La mayoría de los problemas sociales son fruto de la ambición, y, además "suele hacer traidores", como dijo en el siglo XVII la reina Cristina de Suecia. Y es que la ambición desbocada es un mal moral que ciega a la persona y es capaz de conducirla a realizar cualquier atropello. El ambicioso pone como principal centro de interés en su vida el deseo de acaparar y de dominar a los demás, y, por eso, llega a traicionar a cualquiera. No es más que la idolatría del "yo". Y a este falso dios no duda en adorarlo, cueste lo que cueste.

El afán obsesivo por la posesión de bienes y dinero o de poder es la principal causa del hambre, la destrucción ecológica, la criminalidad, las guerras y la misma crisis económica que ahora nos embarga. De todos es sabido que el empobrecimiento de muchos ha ido acompañado del enriquecimiento de unos pocos.

Es verdad que también hay una ambición moderada que puede ser sinónimo de superación y estímulo. En este caso es algo positivo que nos mueve a luchar por conseguir metas nobles. Pero es importante no transgredir la línea roja que separa la ambición moderada de la ambición desmedida.

También Miguel de Cervantes escribió genialmente: "Poca o ninguna vez se cumple con la ambición que no sea con daño de tercero".

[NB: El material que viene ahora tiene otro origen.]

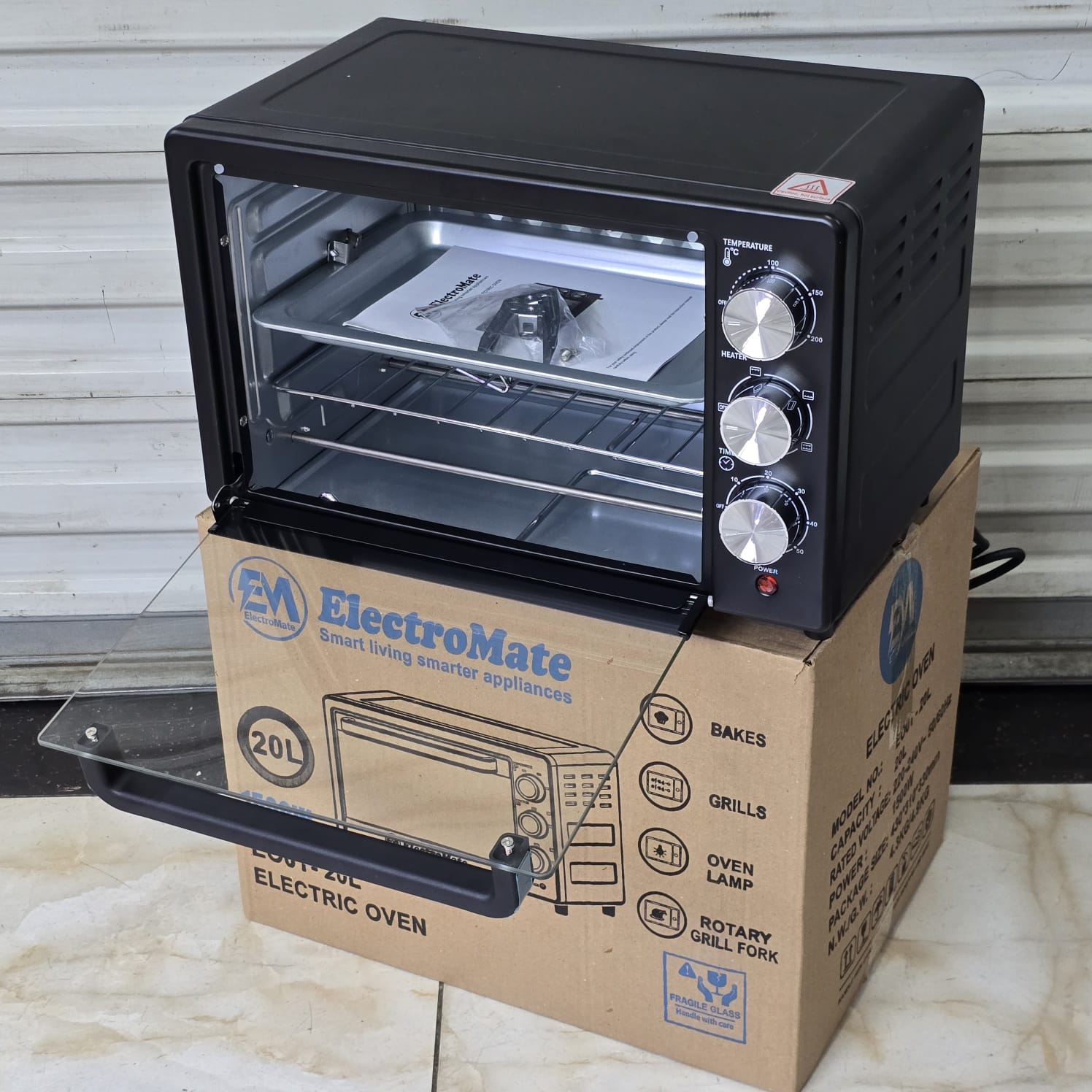 ElectroMate 20L Electric Oven 1500W with Rotisserie & Grill – EO01-20L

Cuando la ambición es de poder hunde a los subordinados y cuando es de tener sacrifica a los necesitados. Nunca es neutral, porque, difícilmente conoce límites y carece de sensibilidad. Es el egoísmo sin freno, que embiste alocadamente, lo arrasa todo y embrutece al mismo ambicioso. Lo contrario de la ambición de riquezas es conformarse con lo necesario para vivir dignamente y lo contrario de la ambición de poder es ayudar y colaborar con los demás en su propio desarrollo. Así como la generosidad humaniza la sociedad, la ambición y el egoísmo desmedido la envilece y la hace inevitable.